• **What you are asked to do**
All lines from the one with "Antes e depois: toxina" onward, through the last line of the records below, are to be retyped word for word.

(Short web captions)
Start of Block

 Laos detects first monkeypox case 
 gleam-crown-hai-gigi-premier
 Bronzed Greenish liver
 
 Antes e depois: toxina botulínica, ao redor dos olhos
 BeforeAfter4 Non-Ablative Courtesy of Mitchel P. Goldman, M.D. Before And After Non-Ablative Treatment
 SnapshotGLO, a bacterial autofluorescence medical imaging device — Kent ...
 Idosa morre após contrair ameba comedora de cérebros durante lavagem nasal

End of Block

• **Result for this exercise**
 Antes e depois: toxina botulínica, ao redor dos olhos
 BeforeAfter4 Non-Ablative Courtesy of Mitchel P. Goldman, M.D. Before And After Non-Ablative Treatment
 SnapshotGLO, a bacterial autofluorescence medical imaging device — Kent ...
 Idosa morre após contrair ameba comedora de cérebros durante lavagem nasal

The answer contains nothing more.